* _AIM OF THE EXERCISE_
Leaving out pictures, output exactly the lines below from the one that has "Tmnt Leonardo motorcycle" through the one that has "11 Burnham St, North", and nothing else.

-------- THE DATA

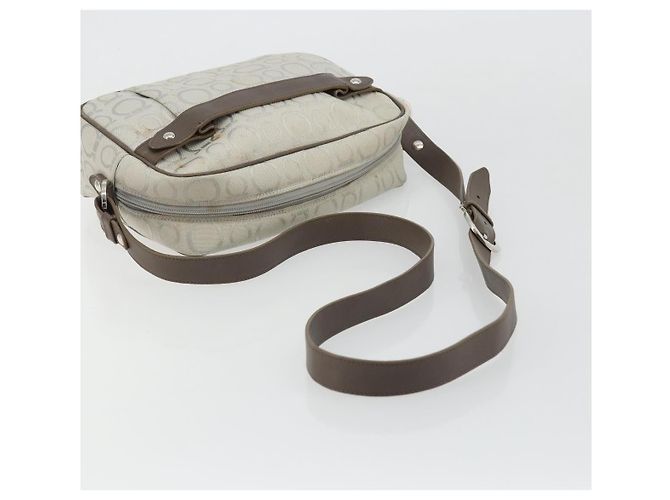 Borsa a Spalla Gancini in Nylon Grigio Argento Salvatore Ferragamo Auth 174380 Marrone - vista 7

----------------
-------- THE DATA

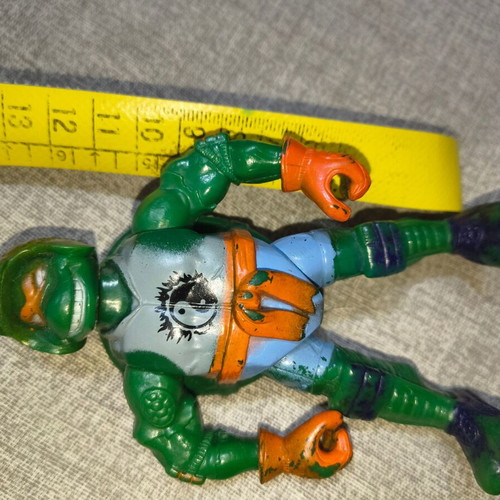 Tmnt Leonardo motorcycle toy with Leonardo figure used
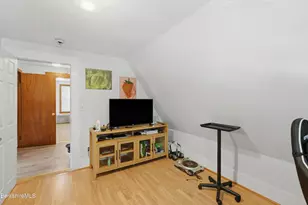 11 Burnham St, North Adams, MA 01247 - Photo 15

----------------

* _SOLUTION TO THE EXERCISE_
 Tmnt Leonardo motorcycle toy with Leonardo figure used
 11 Burnham St, North Adams, MA 01247 - Photo 15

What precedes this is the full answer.